Foi então que percebi que aquela obsessão por desenhar coroas talvez representasse uma outra coisa. Talvez fosse seu modo de expressar que o “corona” está em seu inconsciente e impacta sobre ele. Há um ano sem ir à escola, onde costumava fazer variados desenhos, escolheu esse tema sugestivo para predominar na maioria de suas representações em casa. Tentamos fazer de tudo para tornar agradável o ambiente doméstico e minimizar as faltas da rotina que vinha tendo como pré-escolar. Por sorte, tem seu irmão de 8 anos, com que brinca diariamente. Porém, mesmo assim, é inevitável que essa palavra seja absorvida como o grande norteador de nossas vidas nos últimos meses.
Em casa, tentamos conversar com as crianças e explicar que a vacina está chegando, que a vida logo retomará seu formato habitual, mesmo sem termos certeza disso. Nunca ligamos a TV no noticiário, para evitar que informações temerosas cheguem a seus ouvidos infantis, vulneráveis. E portanto, eles comentam pouco sobre o assunto. Às vezes, perguntam quando as aulas começam. Noutras, dizem gostar da sensação de férias permanentes, sem terem que sair apressados logo que se inicia a tarde.
Mas sei que estão sentindo. E se eles estão, que dirá quem não tem irmãos. Que dirá, quem não tem um lar seguro. Que dirá a maioria das crianças de nosso país. Durante 1 ano, produziu-se intensamente ciência sob pressão, e se alguma conclusão pôde ser extraída é a desmistificação do risco representado pelas crianças na cadeia de transmissão e aquisição do vírus. Ele é baixo. Se tudo em medicina trata do balanço risco-benefício, não se pode desconsiderar essa premissa nesse momento. O risco de ficar sem aulas é enorme. O risco de uma infância à deriva, sujeita a violência, fome, negligência e insegurança é tão grave quanto todos os outros fatores que estão sendo considerados pelas autoridades sanitárias. A infância não pode ser esquecida. A infância é sagrada, fase de formação das estruturas básicas do indivíduo. A escola é parte fundamental dessa estruturação e local de proteção e promoção de saúde (inclusive de alimentação saudável) para a maior parte das crianças brasileiras.

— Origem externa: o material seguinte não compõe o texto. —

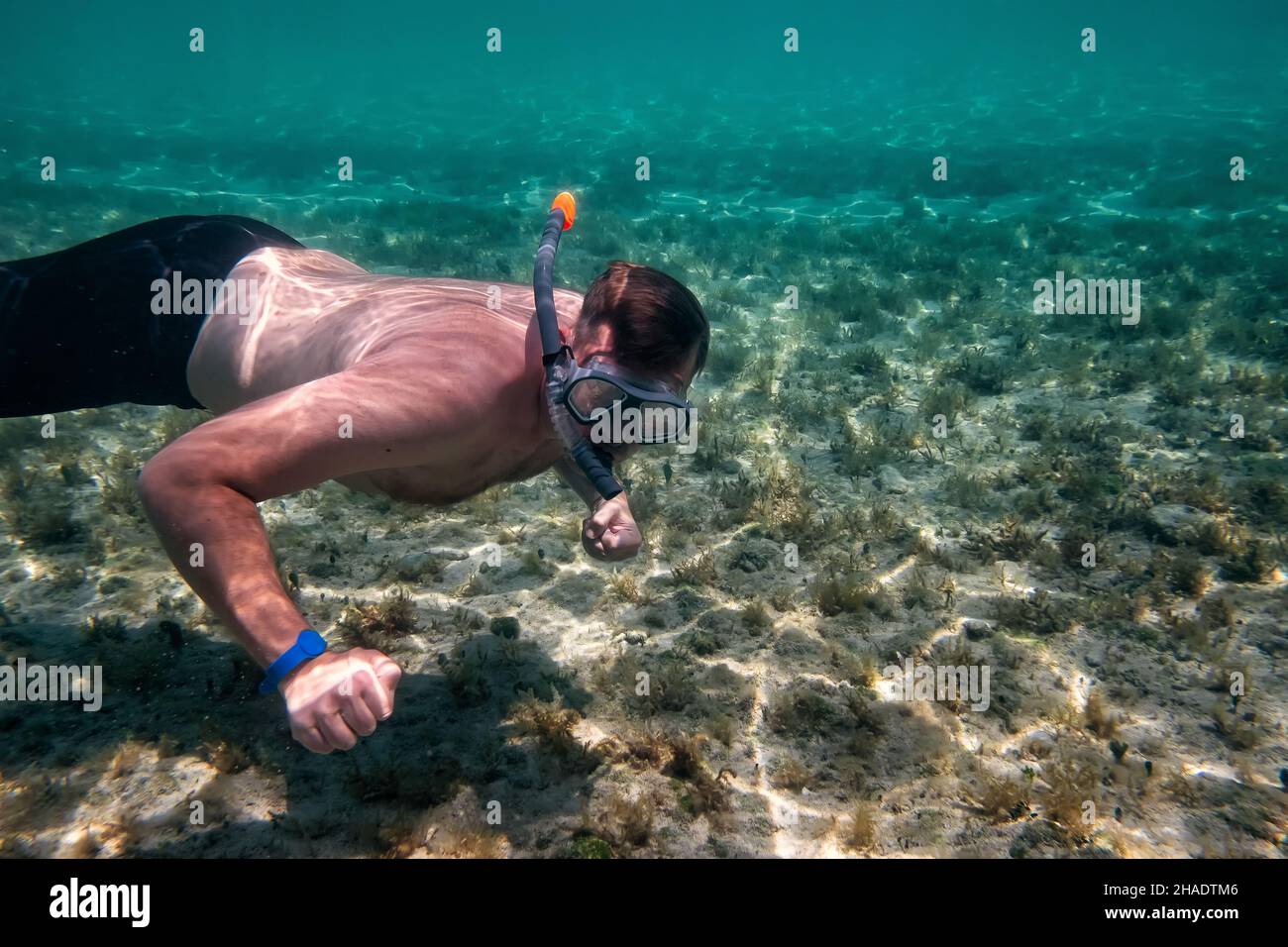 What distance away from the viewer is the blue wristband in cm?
176

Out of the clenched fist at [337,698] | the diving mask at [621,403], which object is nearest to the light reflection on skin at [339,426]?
the clenched fist at [337,698]

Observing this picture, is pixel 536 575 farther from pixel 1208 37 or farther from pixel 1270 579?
pixel 1208 37

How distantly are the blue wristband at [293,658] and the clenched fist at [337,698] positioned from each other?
24 millimetres

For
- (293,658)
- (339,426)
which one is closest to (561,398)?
(339,426)

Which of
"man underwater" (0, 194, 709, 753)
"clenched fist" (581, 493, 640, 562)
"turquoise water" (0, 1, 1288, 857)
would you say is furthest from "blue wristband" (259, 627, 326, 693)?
"turquoise water" (0, 1, 1288, 857)

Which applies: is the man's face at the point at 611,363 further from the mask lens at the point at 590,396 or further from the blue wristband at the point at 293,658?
the blue wristband at the point at 293,658

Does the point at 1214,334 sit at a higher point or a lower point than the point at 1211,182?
lower

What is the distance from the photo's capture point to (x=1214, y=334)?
390 inches

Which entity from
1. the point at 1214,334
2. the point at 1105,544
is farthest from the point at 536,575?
the point at 1214,334

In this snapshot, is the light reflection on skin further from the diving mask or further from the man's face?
the diving mask

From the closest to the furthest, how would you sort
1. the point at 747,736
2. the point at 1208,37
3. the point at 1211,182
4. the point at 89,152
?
1. the point at 747,736
2. the point at 1211,182
3. the point at 89,152
4. the point at 1208,37

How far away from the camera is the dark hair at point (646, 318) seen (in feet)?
8.95

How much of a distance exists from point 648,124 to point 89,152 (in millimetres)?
24264

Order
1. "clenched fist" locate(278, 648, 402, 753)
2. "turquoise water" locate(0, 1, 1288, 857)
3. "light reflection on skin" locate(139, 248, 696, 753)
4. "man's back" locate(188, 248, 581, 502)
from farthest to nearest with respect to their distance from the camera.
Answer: "turquoise water" locate(0, 1, 1288, 857) → "man's back" locate(188, 248, 581, 502) → "light reflection on skin" locate(139, 248, 696, 753) → "clenched fist" locate(278, 648, 402, 753) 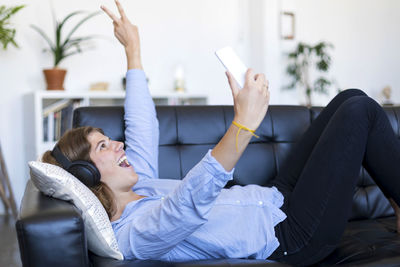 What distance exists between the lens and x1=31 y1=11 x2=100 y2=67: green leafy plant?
3238 millimetres

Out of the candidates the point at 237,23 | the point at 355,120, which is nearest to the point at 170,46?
the point at 237,23

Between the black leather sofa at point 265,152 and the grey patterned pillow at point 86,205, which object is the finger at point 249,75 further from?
the black leather sofa at point 265,152

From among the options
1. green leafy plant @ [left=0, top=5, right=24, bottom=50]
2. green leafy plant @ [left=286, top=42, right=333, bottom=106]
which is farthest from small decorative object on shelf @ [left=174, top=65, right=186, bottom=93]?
green leafy plant @ [left=0, top=5, right=24, bottom=50]

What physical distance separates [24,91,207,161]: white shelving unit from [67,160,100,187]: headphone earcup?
179 cm

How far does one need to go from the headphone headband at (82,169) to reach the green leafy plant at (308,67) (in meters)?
3.41

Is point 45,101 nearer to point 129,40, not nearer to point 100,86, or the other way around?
point 100,86

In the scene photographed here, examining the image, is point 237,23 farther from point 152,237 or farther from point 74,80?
point 152,237

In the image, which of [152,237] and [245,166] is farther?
[245,166]

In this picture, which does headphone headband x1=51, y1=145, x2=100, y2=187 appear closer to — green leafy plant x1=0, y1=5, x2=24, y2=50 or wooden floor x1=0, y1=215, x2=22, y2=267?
wooden floor x1=0, y1=215, x2=22, y2=267

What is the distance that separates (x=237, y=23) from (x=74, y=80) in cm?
174

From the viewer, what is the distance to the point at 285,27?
4.43 m

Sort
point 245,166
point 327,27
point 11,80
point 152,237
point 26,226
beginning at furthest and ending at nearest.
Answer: point 327,27, point 11,80, point 245,166, point 152,237, point 26,226

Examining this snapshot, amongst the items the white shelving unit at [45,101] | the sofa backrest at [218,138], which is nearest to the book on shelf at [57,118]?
the white shelving unit at [45,101]

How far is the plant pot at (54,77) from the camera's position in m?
3.21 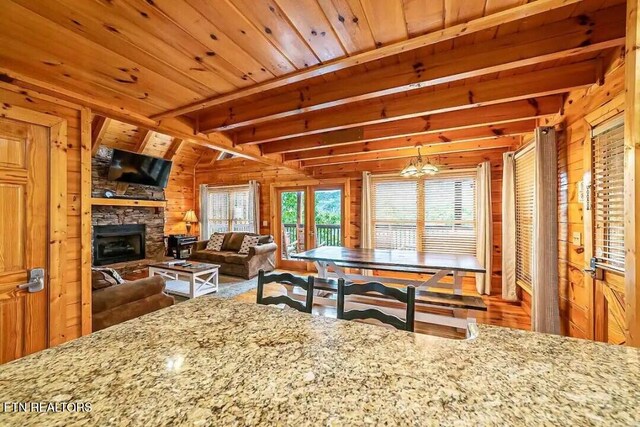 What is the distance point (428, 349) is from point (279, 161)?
3.96 meters

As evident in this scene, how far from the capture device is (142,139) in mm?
5785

Portanto, agora que seringas começam a injetar esperança nas unidades de saúde, que o bem-estar das crianças seja considerado prioritário. Que nos organizemos para que as aulas retornem o mais breve possível. Que a escola seja considerado um serviço essencial porque é um serviço essencial. Falamos de comércio, restaurantes e bares. Falemos de escolas, comércio, restaurantes e bares. Não esqueçamos as escolas! Crianças não são mini-pessoas. São indivíduos da população brasileira que precisam ter seus direitos resguardados.